Ross Maguire: Borrowers have little to fear from vulture funds

Passing unsustainable bank debt burden to another generation will not help

Permanent TSB (PTSB) intends to sell a large portfolio of defaulting loans. Given the huge size of the portfolio it is inevitable that the buyer will be a fund. Photograph: Alan Betson

Permanent TSB (PTSB) intends to sell a large portfolio of defaulting loans. Given the huge size of the portfolio it is inevitable that the buyer will be a fund. Photograph: Alan Betson

 

The argument is simple. State-owned banks, and therefore the State itself, intend to sacrifice ordinary people (aka honest, but defaulting borrowers) by abandoning them to unregulated vulture funds who will gouge them for super profits. This must, in the name of all that is decent and civilised, be stopped.

Let’s look at the facts. Permanent TSB (PTSB) intends to sell a large portfolio of defaulting loans. Given the huge size of the portfolio it is inevitable that the buyer will be a fund. These funds invest on behalf of pensioners, universities, charities and others and look for opportunities across the globe. Distressed debt is an opportunity.

PTSB needs to sell these loans because of the negative effect they have on its balance sheet. It is important to understand that every defaulting loan severely inhibits a bank’s ability to lend. The bank could continue to wait it out hoping that things will improve – but PTSB has been waiting for a decade.

It no longer makes economic sense to keep going as is. The sale is a financial imperative.

Millennials will have less access to credit and on more expensive terms. The lack of credit will hinder economic growth, and most significantly, hinder delivery of the homes those younger people need

On the other side of the equation are the borrowers whose loans will be sold.

What are the consequences for them? If those consequences are so severe, as claimed by some, a political decision could be made that will, of necessity, mean a younger generation bails out the older defaulting borrowers. Millennials will have less access to credit and on more expensive terms. The lack of credit will hinder economic growth, and most significantly, hinder delivery of the homes those younger people need.

Even still, this may be the “just” approach.

But before we run to the barricades we owe it to the twenty-somethings to examine the claims being made.

Some complain that funds are “unregulated”. The truth is that some funds are regulated, and others are not.

Service a loan

Either way, nobody can service a loan in Ireland without being regulated. Where a fund is not regulated, it must appoint a regulated entity to service the loan and this includes managing the process by which a borrower’s financial difficulties are addressed. The fund commits a criminal offence if it instructs the servicer to act otherwise than in accordance with the rules. Others complain that the funds will gouge debtors. Is this true and could this happen?

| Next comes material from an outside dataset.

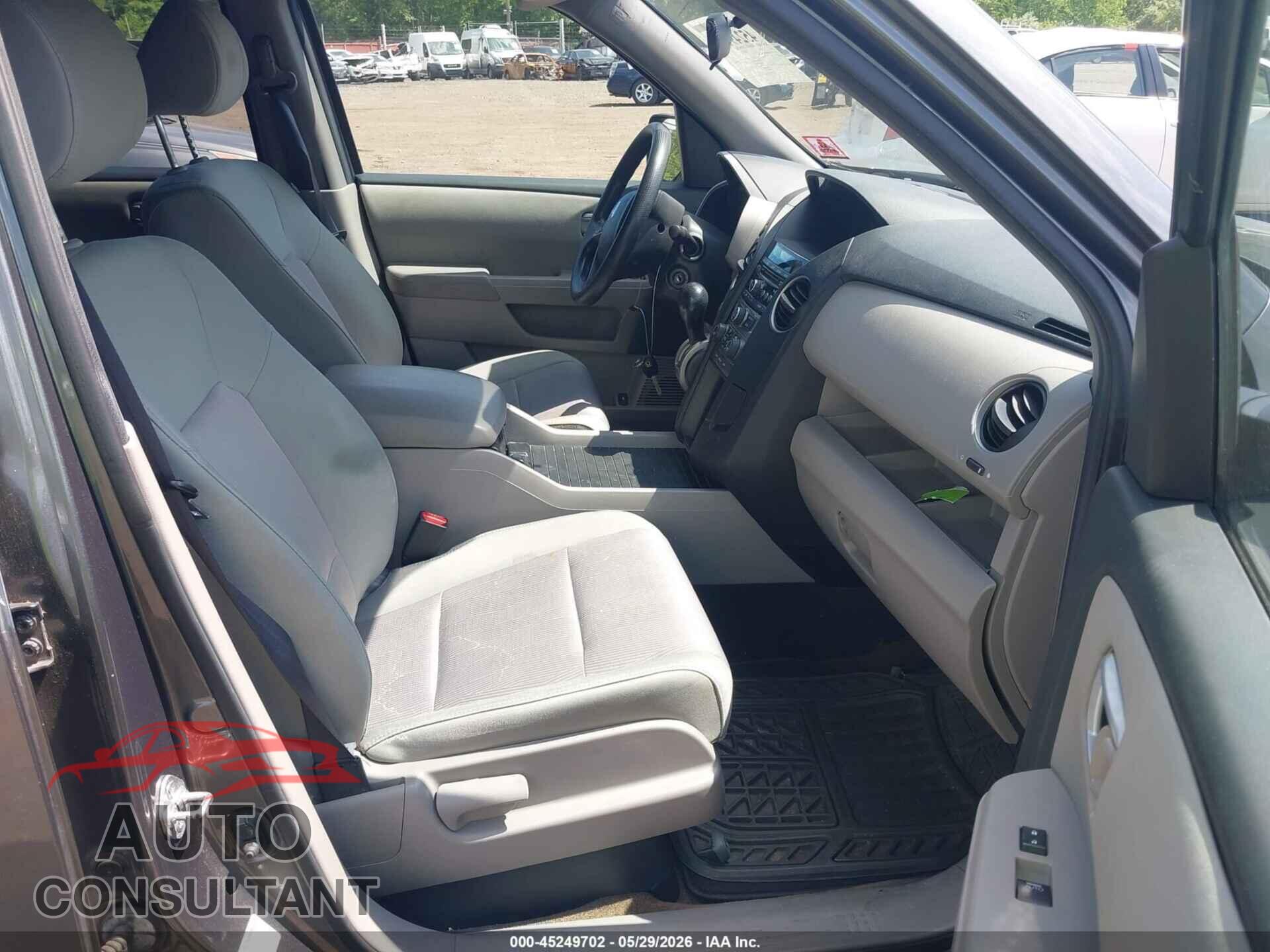 HONDA PILOT 2013 - 5FNYF4H48DB044609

Firstly, the contractual position between borrower and lender does not change one iota. Whatever rights a borrower has with PTSB, they have with a fund.

Secondly, the legal process is unchanged. The code of conduct on mortgage arrears applies and the Irish courts, especially local ones, are cold places for banks and colder still for funds. Judges do not like putting people out of their homes and do so only in extremis. Given the protracted nature of the legal process around homes, and given the commercial imperative driving the funds, court enforcement is the least preferred route.

Thirdly, defaulting borrowers have access to the personal insolvency system.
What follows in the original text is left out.